Self organized mapping of data clusters to neuron groups
Introduction
Kohonen’s famous paper on self-organized maps (Kohonen, 1982, Kohonen, 1995) has given rise to an enormous number of publications. The original Kohonen map is inspired from the observation that, in the mammalian brain, the mapping of sensory inputs to the cortex is somatotopic (i.e. that signals from neighboring body areas are mapped to neighboring cortex regions). This concept has proven very successful in practical applications. However, it is based on intuitive considerations, and not on a strict mathematical theory. Therefore, it suffers from certain deficiencies which are discussed in Kohonen (1995).
The original SOM and most of its variants require that the learning parameters (i.e. learning strength and range of adaptation within the neuron grid) are successively modified during the training phase. It is necessary to define a so called annealing scheme, controlling this time dependency. Unfortunately there is no firm theoretical basis for constructing such schemes, and often they are determined empirically. That the mapping changes with time is the purpose of the process. However the time dependency is an explicit one: learning parameters vary with time and thus the quantitative properties of the process itself change during the training phase. This prevents the classical SOM from learning a new mapping when the training is complete.
Meanwhile, there are a large number of papers which define new SOM types. Most of them have a mathematical basis and some of them avoid the explicit time dependency.

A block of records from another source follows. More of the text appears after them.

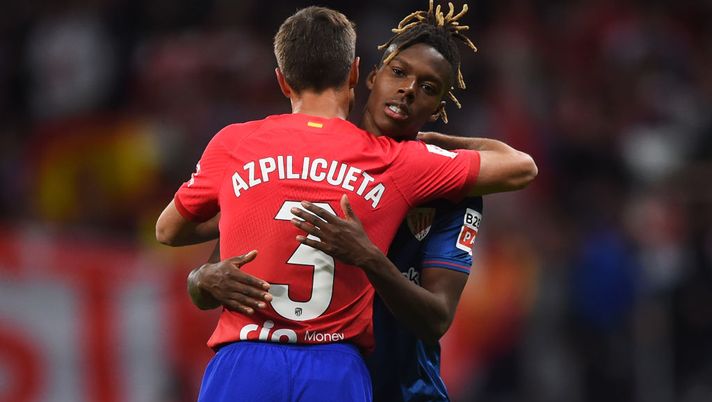 Atletico Madrid, ecco la sanzione dopo gli insulti razzisti a Nico Williams… - immagine 1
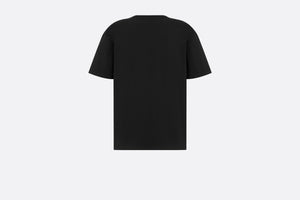 Relaxed-Fit T-Shirt • Black Slub Organic Cotton Jersey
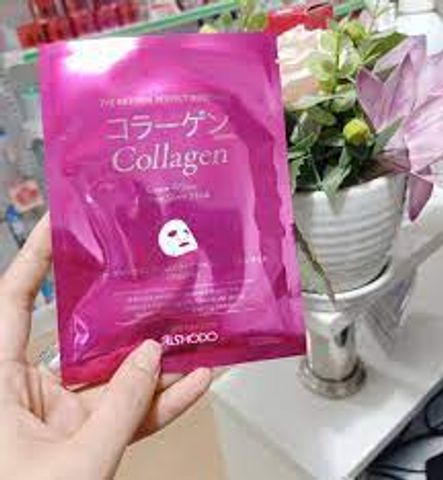 Mặt Nạ Aishodo Collagen Grace White Essence Sheet Mask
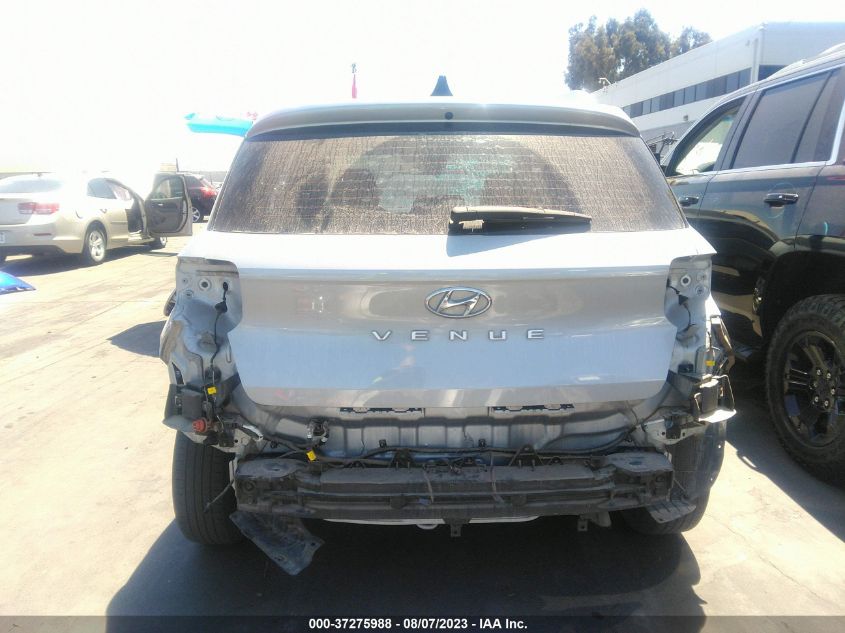 2020 HYUNDAI VENUE SEL - KMHRC8A37LU025749
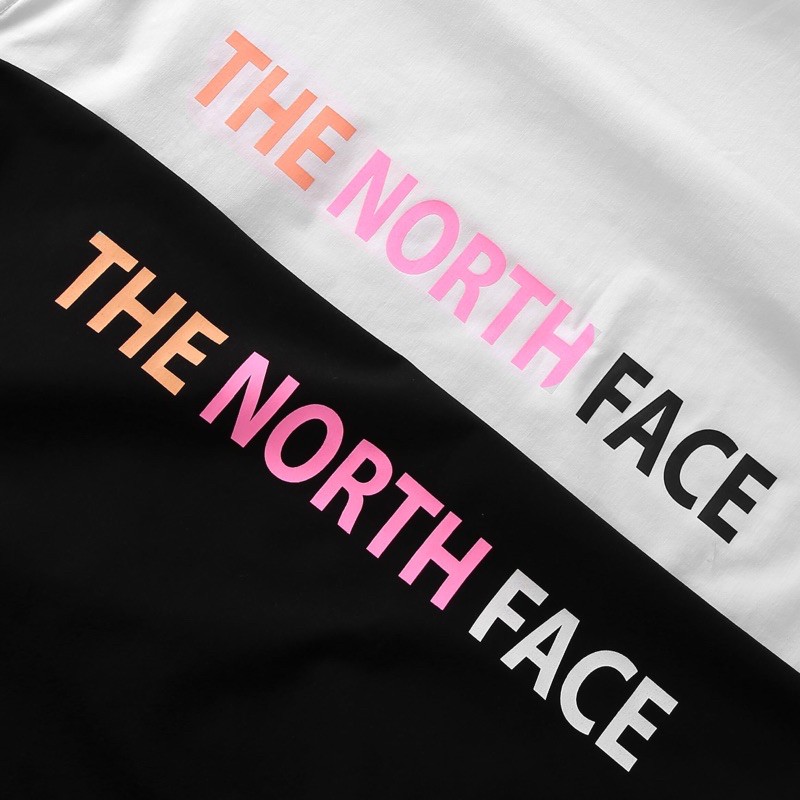 Áo thun Unisex The North Face Cotton co giãn 4 chiều phông trơn nam nữ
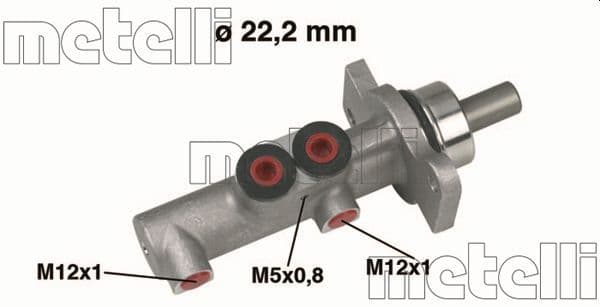 Pompa centrala, frana METELLI 05-0423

Typical examples are the SOAN (self organization with adaptive neighborhood neural network) (Iglesias & Barro, 1999) and the parameterless PLSOM (Berglund & Sitte, 2006). Both use the current mapping error to adjust the internal parameters of the adaptation process. In the time-adaptive SOM (TASOM), (Shah-Hosseini & Safabakhsh, 2003) each node has its own variable learning strength and neighborhood size. As a consequence, the network as a whole keeps its ability to learn independent from time. Somewhat simplified, the TASOM approach may be considered as shifting the dependency on externally controlled learning parameters to a dependency on individual node properties, thus converting the explicit time dependency into an implicit one. The present paper pursues a similar strategy. A rather elaborate mathematical procedure is used in the auto-SOM (Haese, 1999, Haese and Goodhill, 2001): here the weight vectors are adapted by means of a Kalman filter and the learning parameters are determined so as to minimize the prediction error variance. With regard to the result, the generative topographic mapping (GTM Bishop, Svensén, and Williams (1998)) is also a SOM. The adaptation algorithm is probabilistic and does not need a decreasing learning strength or a shrinking range of adaptation. However, the mapping problem is formulated in terms of a latent variable model, and thus the connection to Kohonen’s approach is weak. In some SOM variants, the number of neurons and the whole network structure change with time. Although this is a very strong time dependency, it is an implicit one: addition and removal of neurons are controlled solely by the stream of input signals. Examples are the growing cell structure (Fritzke, 1994a), the growing neural gas (Fritzke, 1995, Fritzke, 1994b) and the plastic self-organizing map (Lang & Warwick, 2002).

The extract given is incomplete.